- _About this task_
Each line of the material below is to be given again exactly.

- _Provided material_
□ □ □ □ □ □ □

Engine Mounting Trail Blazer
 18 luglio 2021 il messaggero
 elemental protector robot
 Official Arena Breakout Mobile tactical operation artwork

□ □ □ □ □ □ □

- _Answer to this problem_
Engine Mounting Trail Blazer
 18 luglio 2021 il messaggero
 elemental protector robot
 Official Arena Breakout Mobile tactical operation artwork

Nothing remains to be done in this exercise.